- [Extracted entries]

· · · ·

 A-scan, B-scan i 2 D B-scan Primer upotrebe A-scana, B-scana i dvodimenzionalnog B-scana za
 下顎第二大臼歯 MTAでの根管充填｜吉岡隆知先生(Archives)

· · · ·

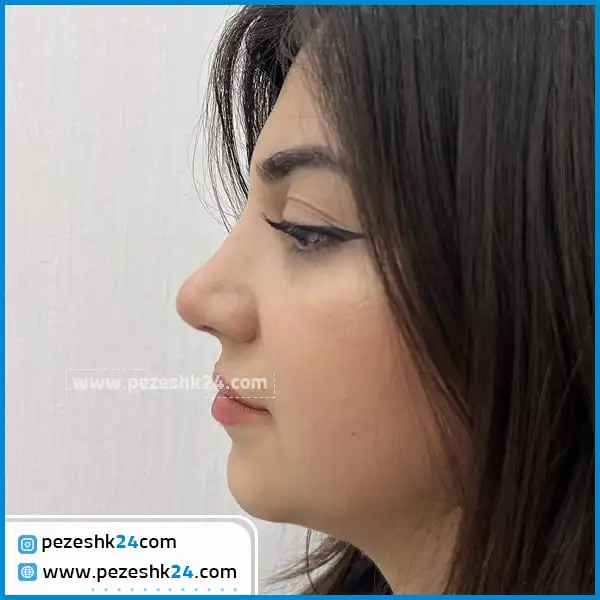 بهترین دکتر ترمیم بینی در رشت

· · · ·

- [Brief]
Retype exactly the span of lines from the one with "A-scan, B-scan i" through the one with "下顎第二大臼歯 MTAでの根管充填｜吉岡隆知先生(Archives)"; include both ends and omit the rest of the material.

- [Output of the task]
 A-scan, B-scan i 2 D B-scan Primer upotrebe A-scana, B-scana i dvodimenzionalnog B-scana za
 下顎第二大臼歯 MTAでの根管充填｜吉岡隆知先生(Archives)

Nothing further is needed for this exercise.